数週間前にやっといくつかの地域を回り、最後にマイラたちと共にサウスリューシアに到着。カウスは2度ほど帰ってきたが、チコは一度も帰国していない。
「チコさんきらーい!!」
「すごいね。ニューロスのバッテリーってあんなに持つんだね。チコさん、他の人の数倍の速さで全てを消耗しそうなのに。」
「いや、向こうでもメンテぐらいできるんだろ。他にも義体持ちはいるだろうし。」
「でもさ、考えてみればすごいよね。ああいうのって、義体自体がハッキングとか乗っ取りされないの?」
怒っているのに男たちは全然話を聞いていないので、さらに激オコのファイは、タラゼドに八つ当たりする。
「ああ!みんな結婚しちゃうし!!響さんもいないし!!寂しい!寂しい!!」
ライたちはいるが、初期の女友達たちはほとんど寮からいなくなってしまった。
「タラゼド!響さんのところに遊びに行こ!」
「なんで俺が。響さんも困るだろ。最近ルオイたちも全然会えないって言ってたし。」
響は忙しくてほとんど家にいないらしい。
「えー。無理やり会いに行こー。響さん過労で死んじゃうよ~。」
響はSR社にも呼ばれていたが、全部断ってとにかく東医師免許獲得に集中していた。
響の通っていた大学は薬学でも、科によって選択で看護や医療を学べたため重複するものは免除されるし、病院での経験も長いため、過去の西アジアでの実績も提出すれば早く単位が取れる。元々最初の臨床資格は持っているので、来年度中に卒業試験もできそうだ。

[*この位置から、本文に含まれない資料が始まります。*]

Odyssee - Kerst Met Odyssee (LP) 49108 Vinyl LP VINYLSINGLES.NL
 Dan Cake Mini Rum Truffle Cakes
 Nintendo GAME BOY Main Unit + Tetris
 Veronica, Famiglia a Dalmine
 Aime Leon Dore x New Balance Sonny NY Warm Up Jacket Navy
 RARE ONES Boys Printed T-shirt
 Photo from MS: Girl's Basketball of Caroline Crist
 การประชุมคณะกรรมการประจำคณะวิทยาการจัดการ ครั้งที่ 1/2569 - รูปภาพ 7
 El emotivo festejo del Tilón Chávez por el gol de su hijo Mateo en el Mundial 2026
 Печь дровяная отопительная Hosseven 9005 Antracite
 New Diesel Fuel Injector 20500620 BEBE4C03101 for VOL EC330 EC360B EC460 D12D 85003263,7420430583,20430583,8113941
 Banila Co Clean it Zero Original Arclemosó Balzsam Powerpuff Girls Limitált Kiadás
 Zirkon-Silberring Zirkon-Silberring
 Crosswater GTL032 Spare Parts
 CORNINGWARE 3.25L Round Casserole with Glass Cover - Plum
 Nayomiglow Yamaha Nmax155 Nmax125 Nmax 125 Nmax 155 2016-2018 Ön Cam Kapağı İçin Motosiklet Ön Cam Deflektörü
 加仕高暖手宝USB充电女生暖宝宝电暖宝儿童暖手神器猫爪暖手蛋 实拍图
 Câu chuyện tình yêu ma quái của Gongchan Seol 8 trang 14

タラゼドも心配ではあったが、どうしようもない。会えないし着信も拒否。読んではいるようだがメールへの返信もない。
タラゼドは、響が自分で切った、整っていない短い髪をきっちりまとめる姿を思い出す。
実は髪を切ってから、まだファイともファクトとも響は会っていない。心配しそうでここのみんなには会わせたくなかった。
『睡眠はとるように』と、うるさいファイの横でそれだけメールを入れた。